Last Updated on 17th August 2018
Paul T Davies reviews Penelope Skiner’s play Meek now playing at the Traverse Theatre at the Edinburgh Fringe.
Dystopian drama is a distinct and enduring genre, and Penelope Skinner’s powerful new play, produced by Headlong, is a portrait of ruthless state control, especially of women. It’s a shame that the TV adaptation of The Handmaid’s Tale casts a strong shadow as the themes are very similar. But Skinner uses precise revelations and clues to paint a suffocating world through fragile female friendship.
The trio of actors work extremely well together and they are a fine ensemble.
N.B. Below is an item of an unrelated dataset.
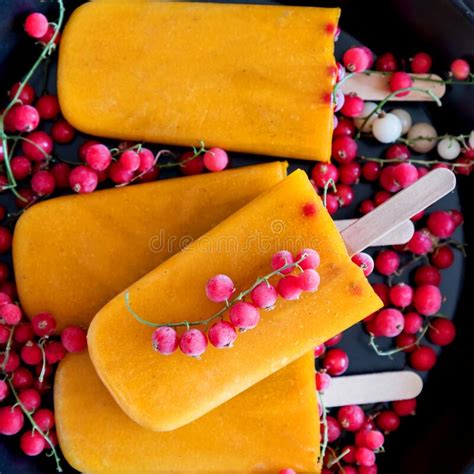 Yellow Popsicle And Frozen Berry On Black Plate Sqare Summer Healthy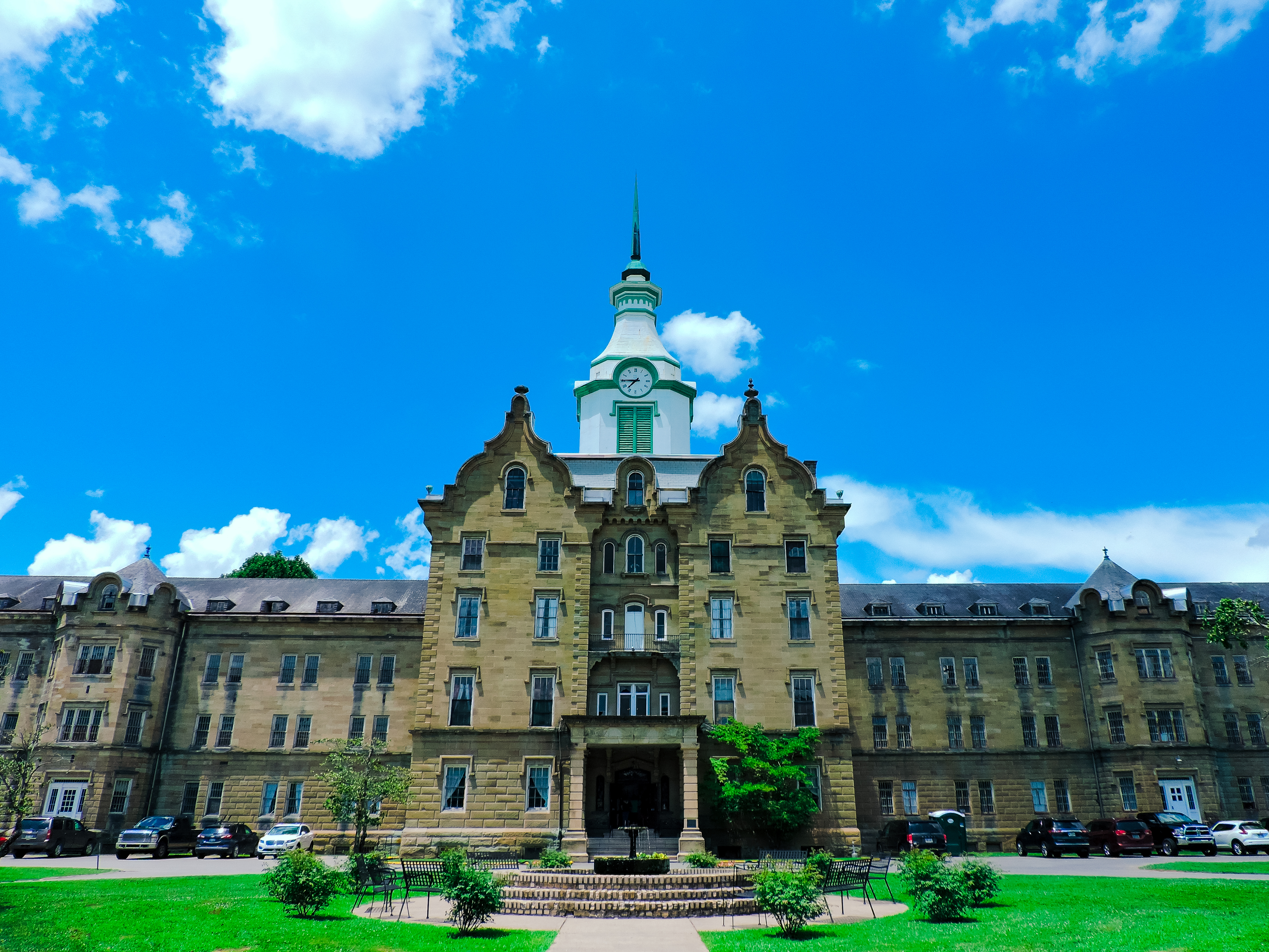 Trans-Allegheny Lunatic Asylum gothic stone building — one of the most haunted asylums in America with intense paranormal activity in Ward W. Featured on Ghost Adventures.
Irene, excellent Shvorne Marks, is imprisoned for singing a blashemous song in public. Her dream is to be famous and share her music, but her trial goes against her, and she refuses to tell the lies of the State to save their international image. Lawyer Gudrun, Amanda Wright, fights to save her, but worldwide protests fail. Skinner reveals that this is also a tale of betrayal, and religious friend Anna, Scarlett Brookes, underlines patriarchy successfully dividing and ruling.
It’s bleak but pertinent, beautifully directed by Amy Hodge, and the design takes us through the seasons with clarity. The country is un- named, but it may be a Scandinavian one known currently for tolerance. That whispers of a woman’s place are becoming louder, means that this is a tale still needing to be told.